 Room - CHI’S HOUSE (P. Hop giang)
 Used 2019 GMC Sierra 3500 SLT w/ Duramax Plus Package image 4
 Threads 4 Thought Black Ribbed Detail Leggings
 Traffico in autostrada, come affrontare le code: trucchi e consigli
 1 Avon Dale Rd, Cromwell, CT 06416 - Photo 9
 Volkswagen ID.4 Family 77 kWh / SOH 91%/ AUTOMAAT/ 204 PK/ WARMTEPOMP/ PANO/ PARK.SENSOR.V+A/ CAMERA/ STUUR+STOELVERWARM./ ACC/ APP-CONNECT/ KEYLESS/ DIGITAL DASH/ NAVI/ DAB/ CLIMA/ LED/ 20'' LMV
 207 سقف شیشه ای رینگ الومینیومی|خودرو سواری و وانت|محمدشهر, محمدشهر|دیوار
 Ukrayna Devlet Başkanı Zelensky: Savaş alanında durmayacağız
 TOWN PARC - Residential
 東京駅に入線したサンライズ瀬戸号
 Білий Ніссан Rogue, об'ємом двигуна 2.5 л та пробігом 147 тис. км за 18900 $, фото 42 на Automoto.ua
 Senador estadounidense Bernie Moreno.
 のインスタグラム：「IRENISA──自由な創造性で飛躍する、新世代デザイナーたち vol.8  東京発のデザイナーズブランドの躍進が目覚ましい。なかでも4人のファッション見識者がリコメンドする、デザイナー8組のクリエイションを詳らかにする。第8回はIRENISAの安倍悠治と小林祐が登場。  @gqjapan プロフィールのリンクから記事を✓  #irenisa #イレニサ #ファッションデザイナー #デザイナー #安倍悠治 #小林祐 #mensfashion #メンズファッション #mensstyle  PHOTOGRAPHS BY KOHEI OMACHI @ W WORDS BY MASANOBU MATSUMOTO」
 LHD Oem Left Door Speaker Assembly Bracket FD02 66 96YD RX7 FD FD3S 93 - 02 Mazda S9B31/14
:::::
**Required work**
Please write out, exactly as they appear above, only the lines in the stretch from the line with "Білий Ніссан Rogue, об'ємом" through the line with "BY MASANOBU MATSUMOTO」".

**Exercise answer**
 Білий Ніссан Rogue, об'ємом двигуна 2.5 л та пробігом 147 тис. км за 18900 $, фото 42 на Automoto.ua
 Senador estadounidense Bernie Moreno.
 のインスタグラム：「IRENISA──自由な創造性で飛躍する、新世代デザイナーたち vol.8  東京発のデザイナーズブランドの躍進が目覚ましい。なかでも4人のファッション見識者がリコメンドする、デザイナー8組のクリエイションを詳らかにする。第8回はIRENISAの安倍悠治と小林祐が登場。  @gqjapan プロフィールのリンクから記事を✓  #irenisa #イレニサ #ファッションデザイナー #デザイナー #安倍悠治 #小林祐 #mensfashion #メンズファッション #mensstyle  PHOTOGRAPHS BY KOHEI OMACHI @ W WORDS BY MASANOBU MATSUMOTO」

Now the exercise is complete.